As November and NaNoWriMo creeps closer I am excited and terrified. There is nothing like the beginning of a novel. Or a short story. Or a poem. Or a relationship. To me, often writing a novel is like a relationship. Sometimes I get into it knowing where I want to end up. Sometimes I think it’s just going to be a fun romp and we’ll see if it goes someplace real or fizzles out. Sometimes I go in thinking I know where it’s going and it ends up fizzling out. Sometimes I end up taking an unexpected left-turn or three and before I know it I’m looking at something entirely different and something so much better than I ever expected.
That is why the beginning might be my favorite part of a novel. That first one-thousand words which set everything else up. Many of my novels get written and re-written in that first one-to-three thousand words more than any other section of the novel. I want to introduce the character. I want to see and feel this world. I want the reader to understand the level of commitment this novel expects. But not to scare them off with the skeletons in the closet.
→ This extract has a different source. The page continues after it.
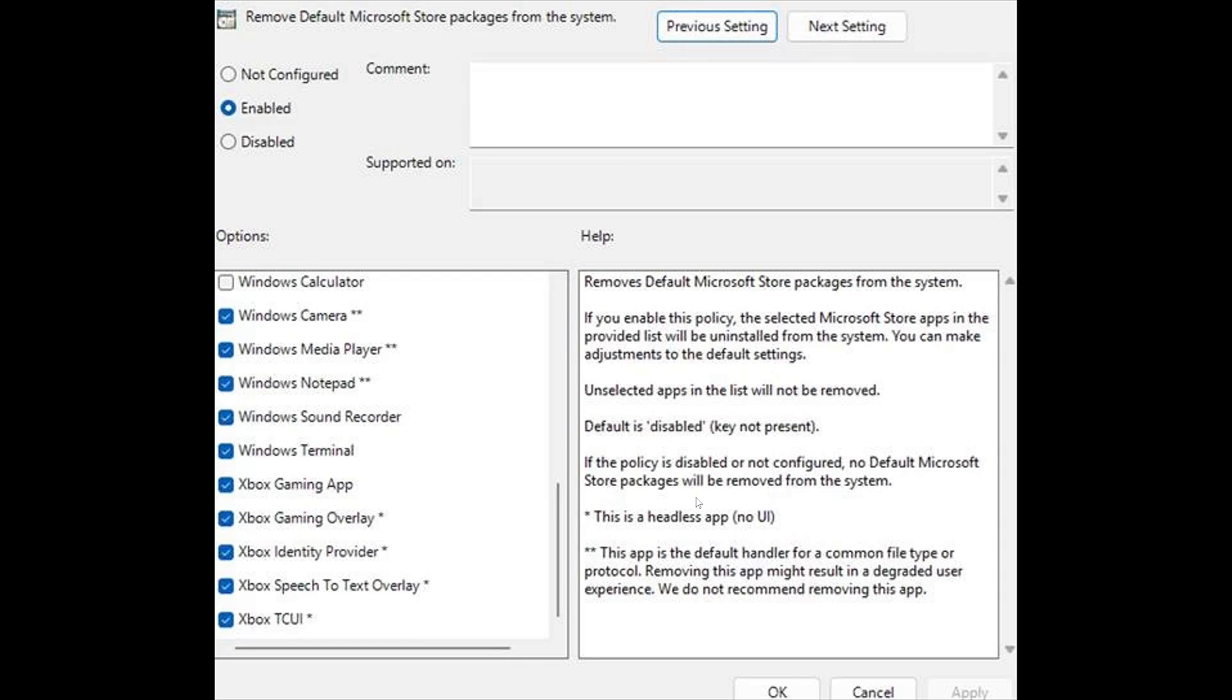So this is an actual screenshot of the group policy edit area where you would do this. So by default, this is off, but you can, of course, enable it and then have the possibility of removing these apps.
After the first one thousand words, it gets easier. Usually the worst of the new-relationship fears are simmering down. As long as I don’t do something astronomically stupid, we keep moving through the next fifty to a hundred thousand words. We slowly delve into the deeper mysteries together. We uncover those painful truths. We find ourselves in the throes of conflict but we stick it out! We climax together and then settle in to cuddle up with happy memories of that world and the characters.
But nothing is more terrifying or more exciting than the blank page waiting for that first thousand words. Those words which set the course of all the rest. Yeah, I’m kind of a romantic that way.